Sin embargo, no quiero que viéramos solo el tema de los accidentes con víctimas. Pensemos simplemente qué observaríamos si nos detenemos unos 5 minutos en alguna calle de cualquier avenida de una ciudad del país. ¿Cuántos irrespetan las luces de los semáforos? ¿Cuántos peatones pasan la calle por donde deben hacerlo (por el paso de peatones)?, ¿cuántos semáforos están funcionando mal? ¿Cuántos vehículos mal estacionados, muy cerca de las esquinas, impidiendo la visibilidad a los choferes de los vehículos?… ¿Y qué tal tantos motorizados como choferes de carros mirando el celular cuando van manejando? Un accidente puede ocurrir en un par de segundos. Observemos a las personas que transitan en sus vehículos sin ponerse el cinturón de seguridad, atentando contra sí mismas en caso de que haya un frenazo de golpe, o alguien les choque por detrás; igualmente veremos motorizados sin casco e, incluso, llevando niños en la parrilla sin emplear ese elemento de seguridad… Añada usted las violaciones a las normas que suele observar.
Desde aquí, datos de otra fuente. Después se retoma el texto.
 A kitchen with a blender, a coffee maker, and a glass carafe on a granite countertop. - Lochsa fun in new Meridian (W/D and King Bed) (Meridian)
Más aún, muchas veces a los que respetamos las luces de los semáforos, otros choferes tocan sus cornetas pidiendo que nos “comamos” la luz… ¿No les ha pasado a ustedes? A mí sí. Yo cargo un aviso: “Yo respeto el semáforo, ¿usted no?” y se los muestro.
Añadamos que en nuestro país los niños y adolescentes están creciendo sin normas, y les va pareciendo “normal” la “ley de la selva”. Eso se va volviendo cultura, por lo cual no sorprende que las normas de tránsito no sean respetadas.
Hay que trabajar con un plan, paciencia y perseverancia, pues las costumbres no se cambian de un día para otro. Las tres “P” son necesarias, y si le añade la P de pasión, eso pone entusiasmo y creatividad en lo que hacemos.
Hay acciones útiles que deberían ser replicadas, por ejemplo, esas escuelas que organizan sus brigadas de seguridad, entrenan a alumnos para que ayuden a la entrada y a la salida de la jornada escolar, hacen su trabajo para que los motorizados, ciclistas y choferes de vehículos se detengan para permitir que los niños atraviesen la calle con seguridad, también para que bajen la velocidad en las inmediaciones de los planteles… Me han contado algunos maestros que se ocupan de estos entrenamientos que, al principio, los choferes se molestan, incluso reclaman a veces de manera airada ese aviso de “deténgase”; sin embargo, luego se van acostumbrando y basta que vean salir a los responsables de las brigadas para que se detengan los vehículos, motos y bicicletas. El trabajo de esas brigadas (además de proteger a los estudiantes) siembra ciudadanía en los habitantes de la comunidad, motiva el liderazgo en los chicos y chicas que integran las mismas.
Además de los centros educativos, los medios de comunicación, comerciantes y empresarios deberían organizar campañas para tomar conciencia de la importancia de la “ciudadanía en la calle”, por el bien de todos.
A Venezuela hay que reconstruirla desde muchos ángulos y la ciudadanía activa es uno. No vamos a cambiar todo de manera rápida, pero trabajar por la ciudadanía en nuestro entorno y con otros es un paso importante que ayudará a construir ese “bien común” necesario.